You could do:
[ hd(erlang:integer_to_list(Nibble, 16)) || << Nibble:4 >> <= Binary ].
Which would return you a list(string) containing the hex digits of the binary. While I doubt the efficiency of this operation is going to have any effect on the runtime of your system, you could also have this bin_to_hex
function return an iolist which is simpler to construct and will be flattened when output anyway. The following function returns an iolist with the formatting example you gave:
bin_to_hex(Bin) when is_binary(Bin) ->
JoinableLength = byte_size(Bin) - 1,
<< Bytes:JoinableLength/binary, LastNibble1:4, LastNibble2:4 >> = Bin,
[ "<< ",
[ [ erlang:integer_to_list(Nibble1, 16), erlang:integer_to_list(Nibble2, 16), ", " ]
|| << Nibble1:4, Nibble2:4 >> <= Bytes ],
erlang:integer_to_list(LastNibble1, 16),
erlang:integer_to_list(LastNibble2, 16),
" >>" ].
It's a bit ugly, but runs through the binary once and doesn't traverse the output list (otherwise I'd have used string:join to get the interspersed ", " sequences).
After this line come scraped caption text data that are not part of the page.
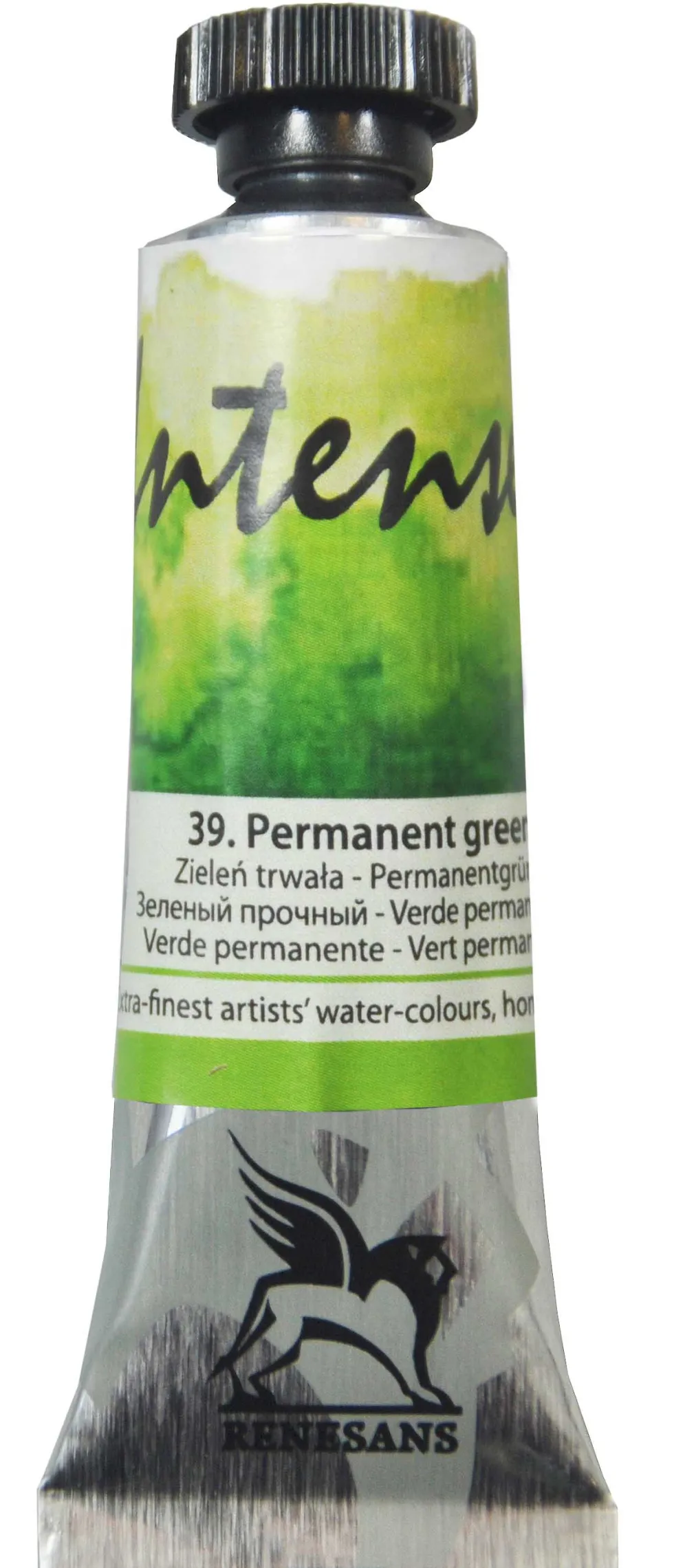 Farba akwarelowa Intense Water - Renesans - 39, permanent green, 15 ml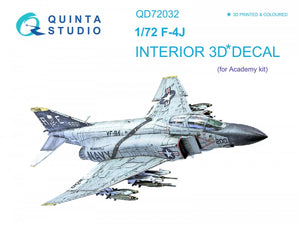 Quinta Studio QD72032 F-4J 3D-Printed &amp;amp; coloured Interior on decal paper (for Academy kit) 1/72
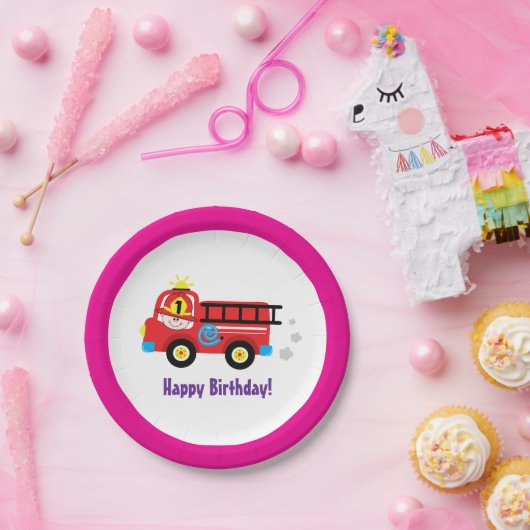 Red Fire Truck Motor Firefighter Rescue Design Pappteller (Party)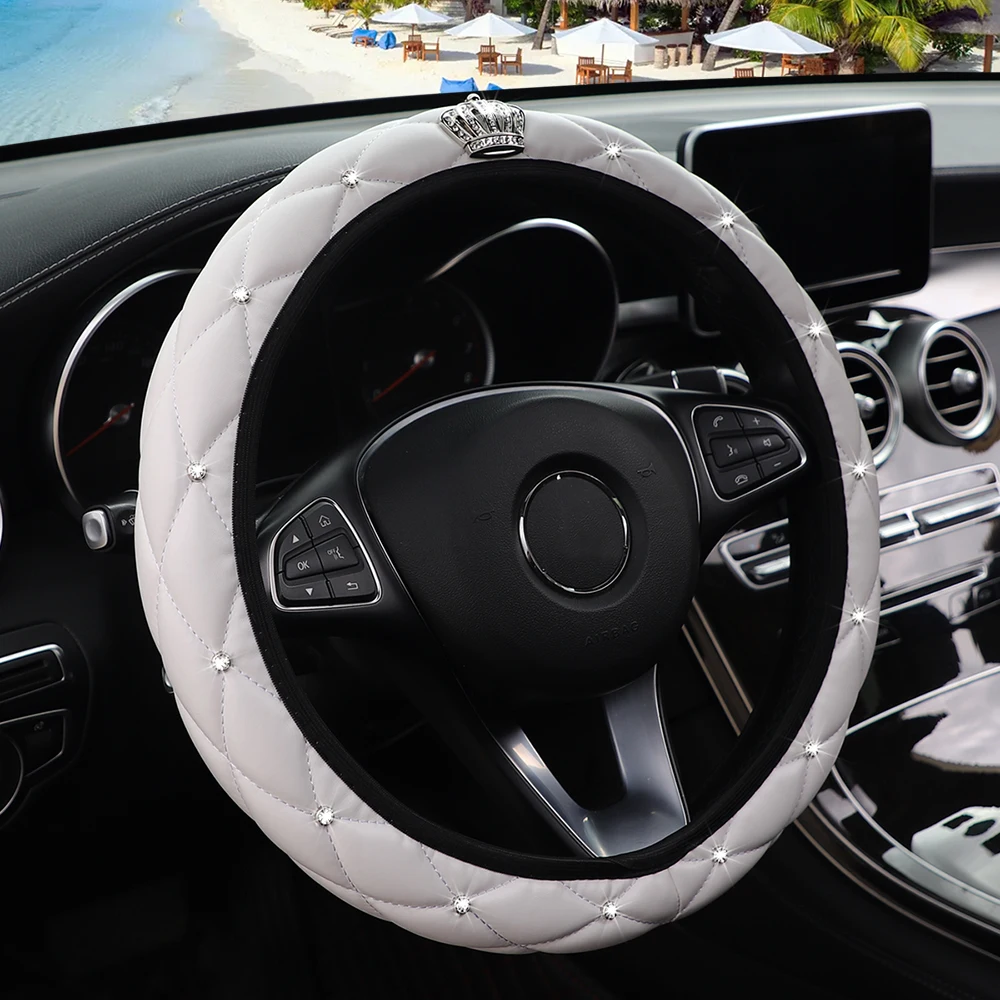 Soft Leather Diamond-Studded Crown Blingbling Car Without Inner Ring Steering Wheel Cover Suitable for 14.5 - 15 Inch Car Access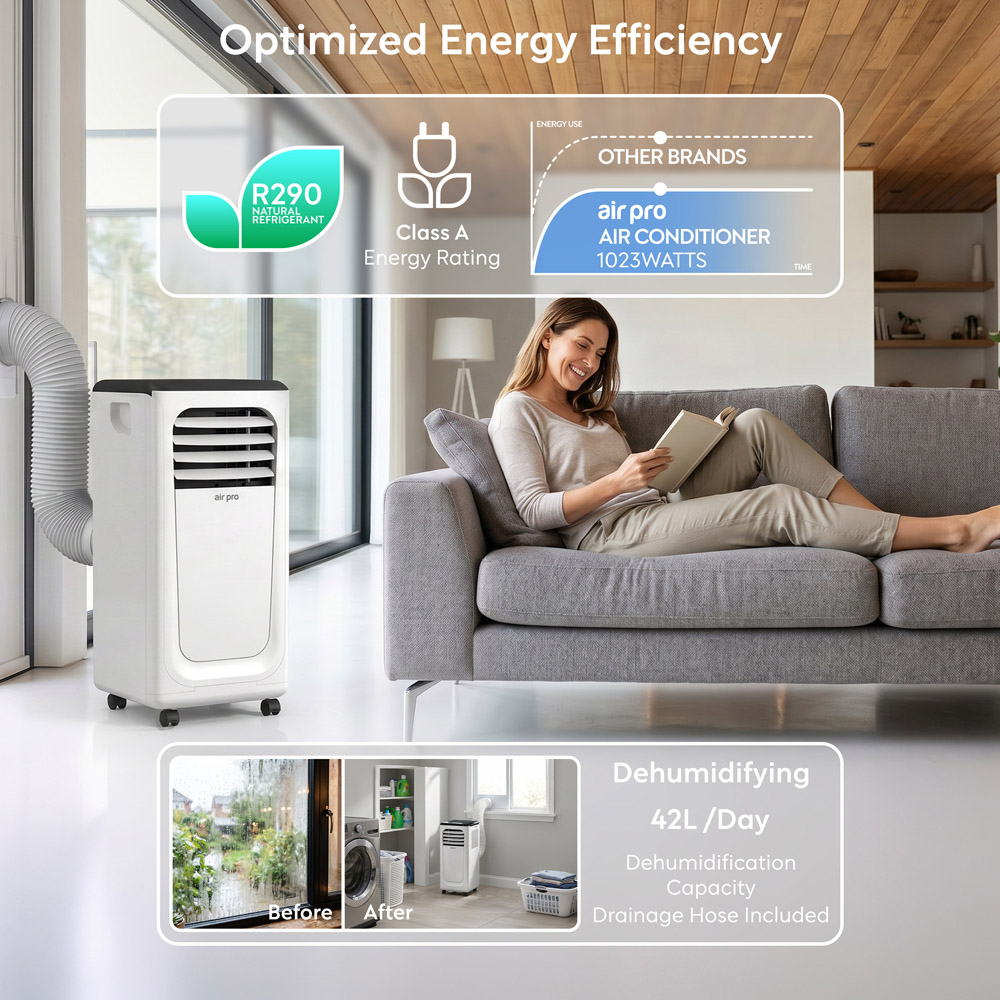 Air Pro 3-in-1 White Smart Wi-Fi Portable Air Conditioner 9000 BTU Image 8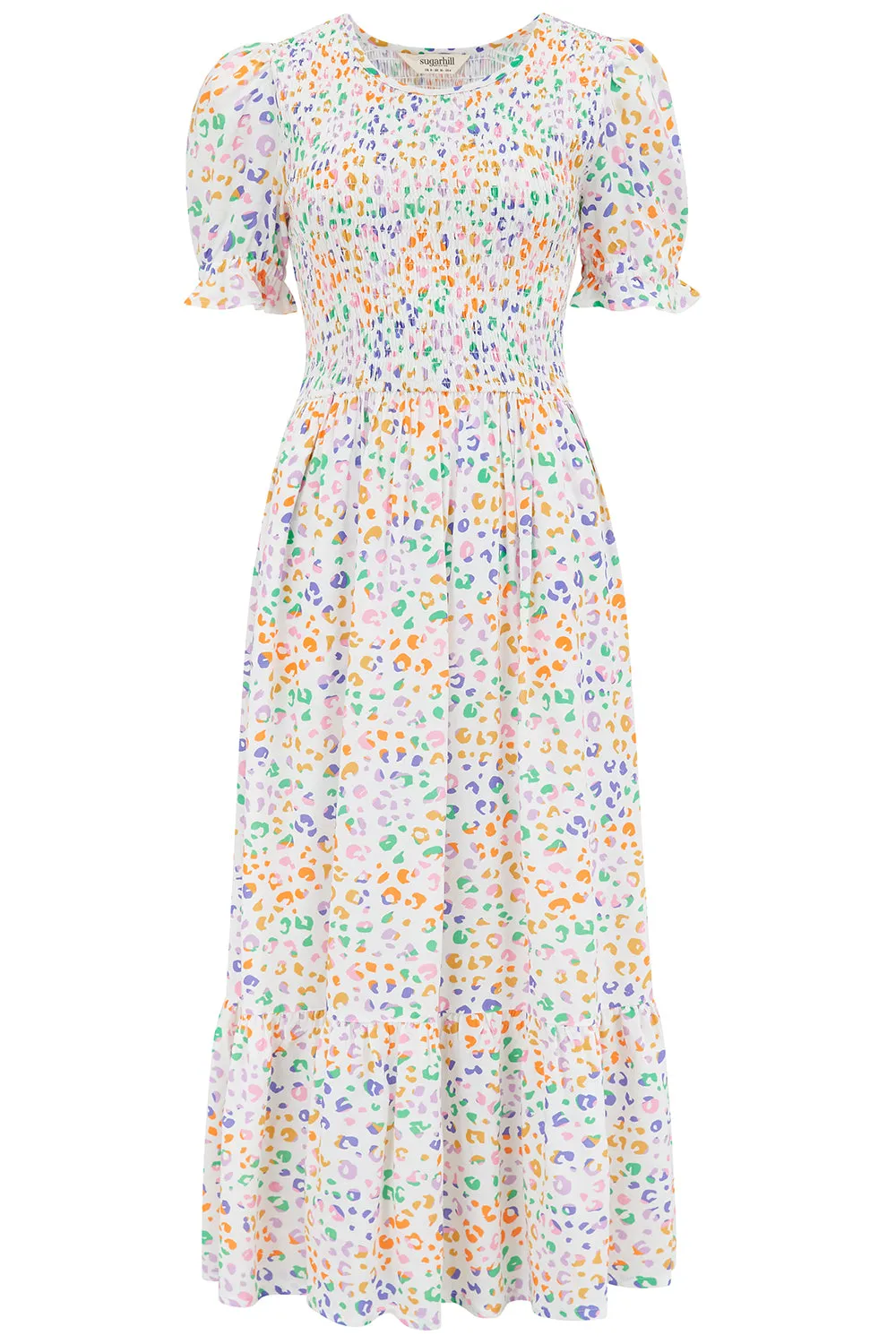Gemma Shirred Midi Dress - Off-White/Multi. Mottled Leopard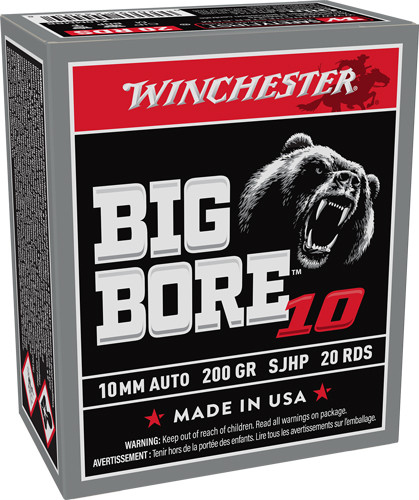 Winchester Ammunition Big Bore 10mm Jacketed Hollow Point - 200 Grain, Reloadable, 20 Rounds per Box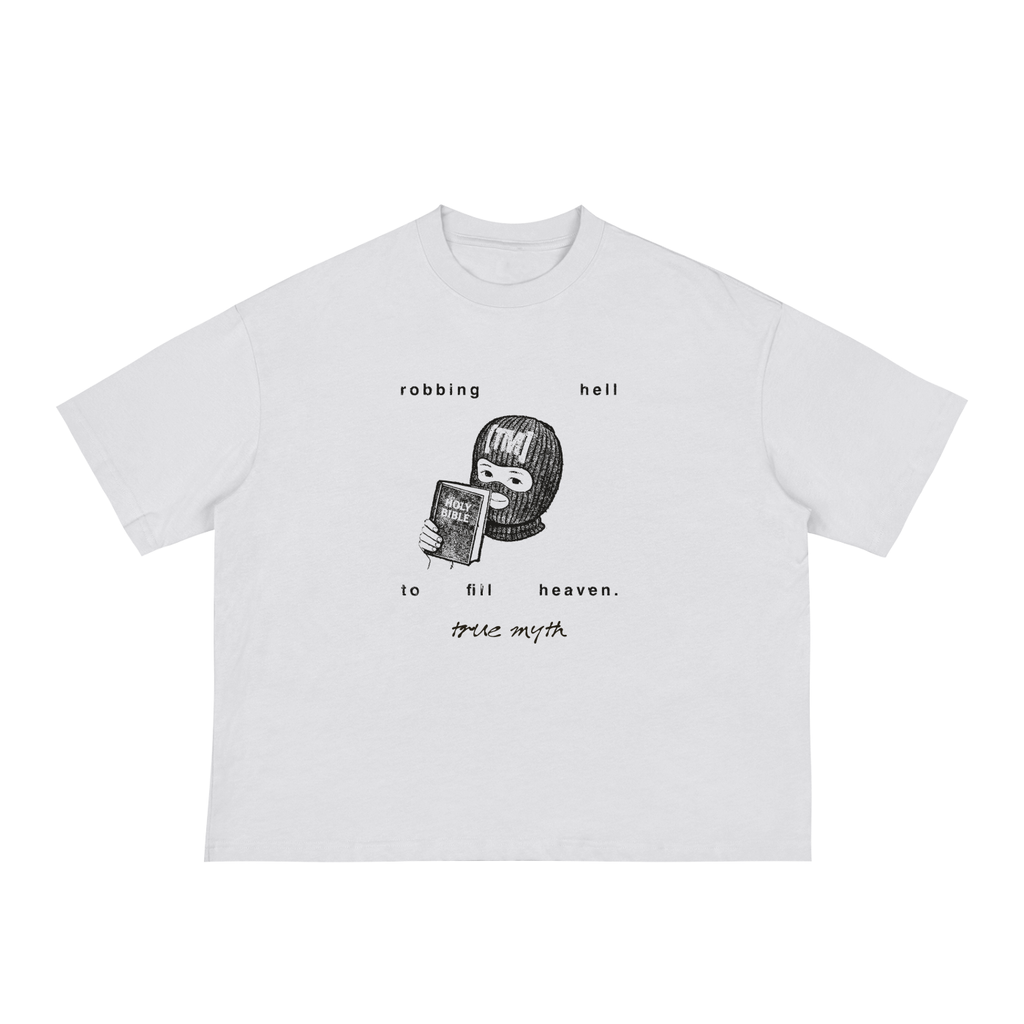 Cropped/Boxy Loose Fit Tee 1.0 | Robbing Hell To Fill Heaven | White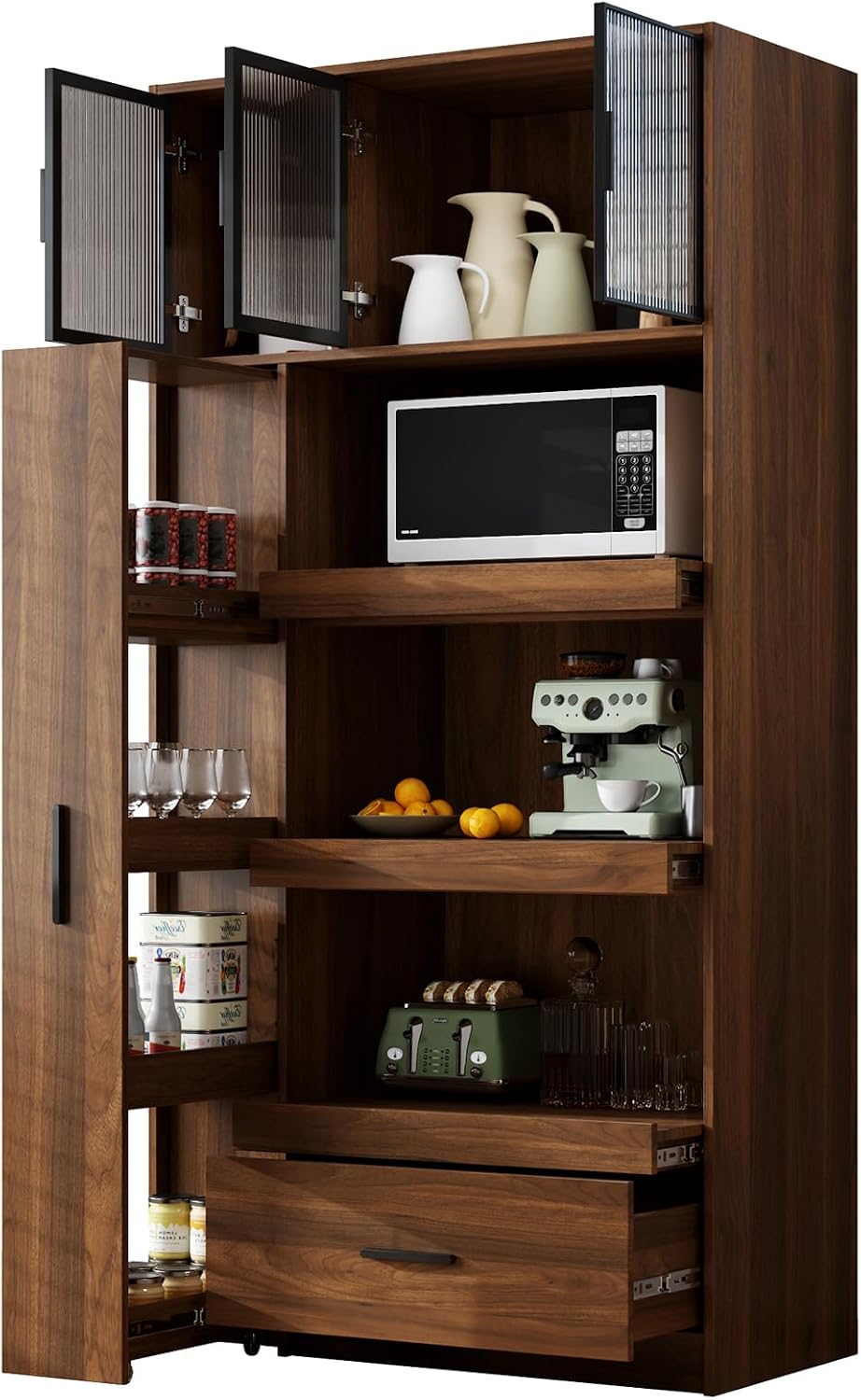 70.87" Tall Kitchen Pantry Cabinet, Walnut Wood Pantry Cabinet with 2 Drawers, 3 Sliding Tray, Aluminum Frame Glass Door Cabinets for Living Room, Dining Room,Garage,Basement, Walnut C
If this function is not the inner loop of some process (I have a hard time believing this function will be your bottleneck), then you should probably go with some trivially less efficient, but far more obvious code like:
bin_to_hex(Bin) when is_binary(Bin) ->
"<< " ++ string:join([byte_to_hex(B) || << B >> <= Bin ],", ") ++ " >>".
byte_to_hex(<< N1:4, N2:4 >>) ->
[erlang:integer_to_list(N1, 16), erlang:integer_to_list(N2, 16)].